Q1 net loss widened to CAD18.7m (US$14.2m) from CAD12.1m in the year-ago period

Q1 net loss widened to CAD18.7m (US$14.2m) from CAD12.1m in the year-ago period

Canadian outdoor apparel specialist Canada Goose has hailed a strong start to the year, despite a widening of its net loss in the first quarter of fiscal 2019.

For the three months to 30 June, Canada Goose saw net loss expand to CAD18.7m (US$14.2m) from CAD12.1m in the year-ago period, despite a surge in sales. But in what is a seasonally small quarter for the luxury outerwear brand, it was hit with higher corporate expenses on marketing, headcount IT, and costs relating to public company compliance.

Gross margin expanded to 64%, compared to 46.8% last year.
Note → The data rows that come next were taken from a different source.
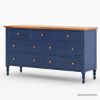 Picture of Repton Blue Two Tone Solid Wood 7 Drawer Bedroom Dresser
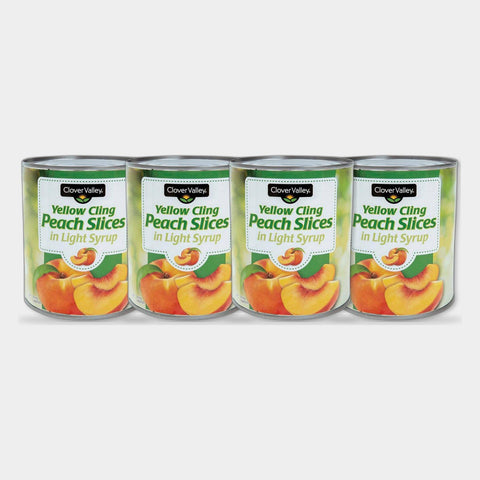 4 Cans Clover Valley Yellow Cling Peach Slices, 29 oz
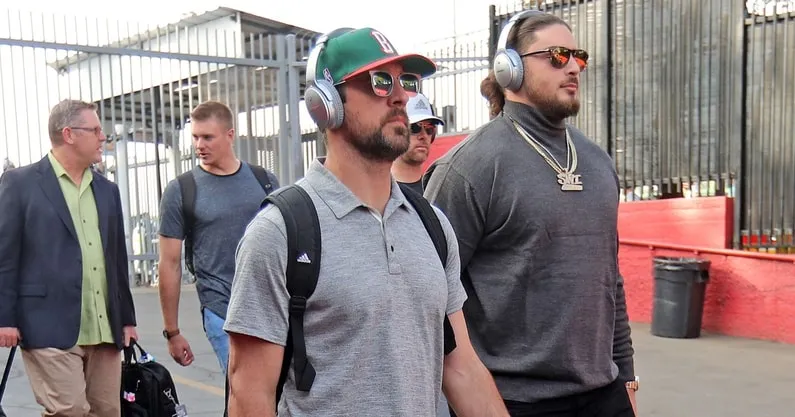 Former Packers OT David Bakhtiari pokes fun at Aaron Rodgers in Jordan Love wedding post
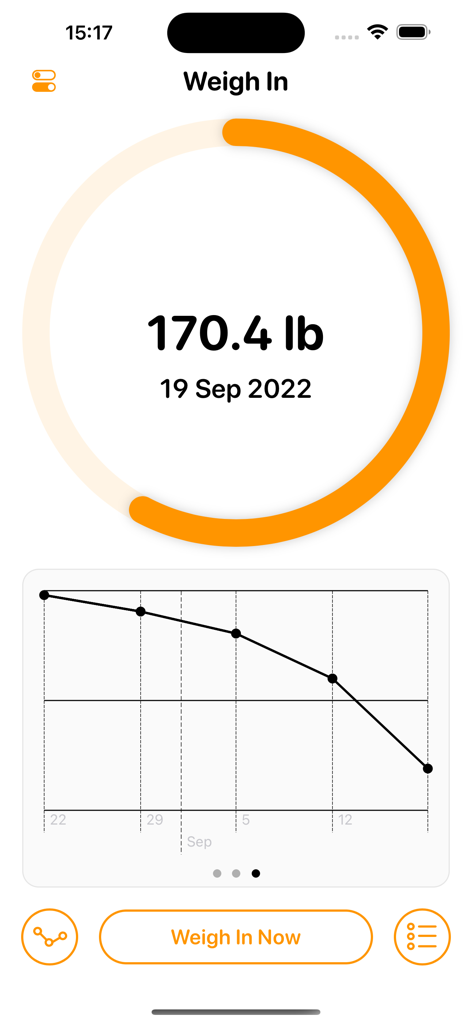 Weigh In: Weight Tracker - Weigh In weight tracker dashboard showing a current weight of 170.4 lbs and a downward progress graph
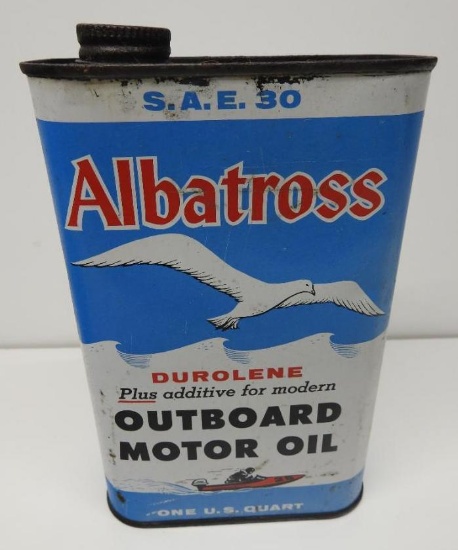Albatross Outboard Motor Oil Flat Quart Can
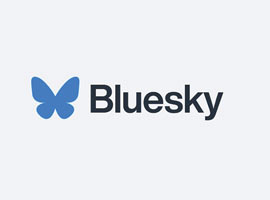 Butterfly shape beside the word ‘Bluesky’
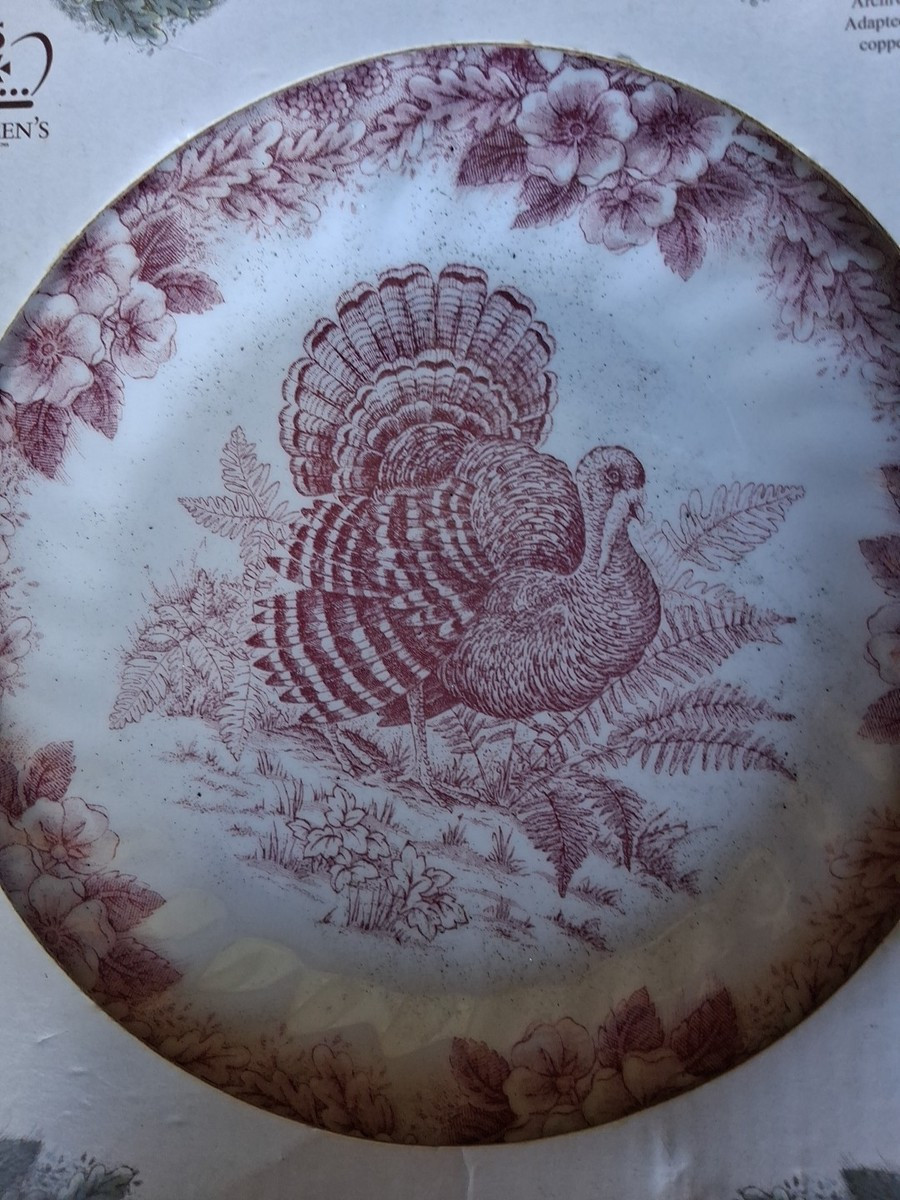 Queens Myott Factory Thanksgiving Turkey 8" Plates Pink Boxed Group of 4 Retired | eBay US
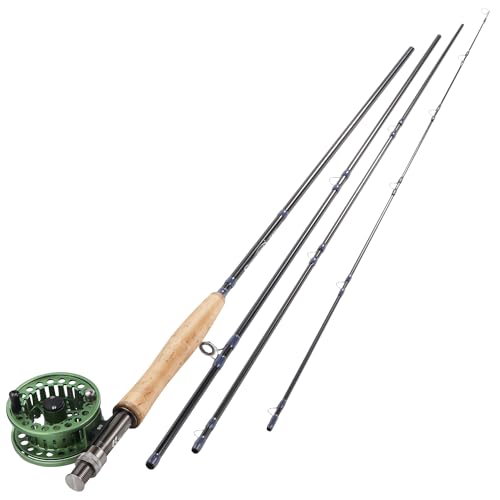 Sougayilang 5/6 Weight 9ft Fly Rod, 4-Piece Graphite Rod, Die Cast Aluminum Reel, Carrying Case, Fly Box & Fishing Flies Combo Starter Kit - color: Fly Fishing Combo #5-Green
The increase in gross margin was attributable to a greater proportion of direct-to-consumer revenue and to a lesser degree, wholesale gross margin expansion.

And total revenue jumped 58.5% to CAD44.7m from CAD28.2m last year, while wholesale revenue increased to CAD21.5m from CAD19.9m, driven by higher order volumes from existing retail partners.

Direct-to-consumer revenue increased to CAD23.2m from CAD8.3m in the prior-year period. The increase was primarily due to the strong performance of all existing and new retail stores, with particularly significant contributions from well-established locations. E-commerce also had a positive impact on the quarter.

"Our strong start to the year, in our smallest fiscal quarter, is a great leading indicator. Our products and our brand continue to resonate with people around the world, and our direct-to-consumer channel was a standout performer in the quarter. Productivity across our retail store network in this off-peak period was exceptional, reducing the loss impact of our strategic growth investments and giving us a favourable tailwind for the rest of the year," said CEO Dani Reiss.

Looking ahead, the company has reiterated its fiscal 2019 outlook, forecasting annual revenue growth of at least 20% and annual growth in adjusted net income per diluted share of at least 25%.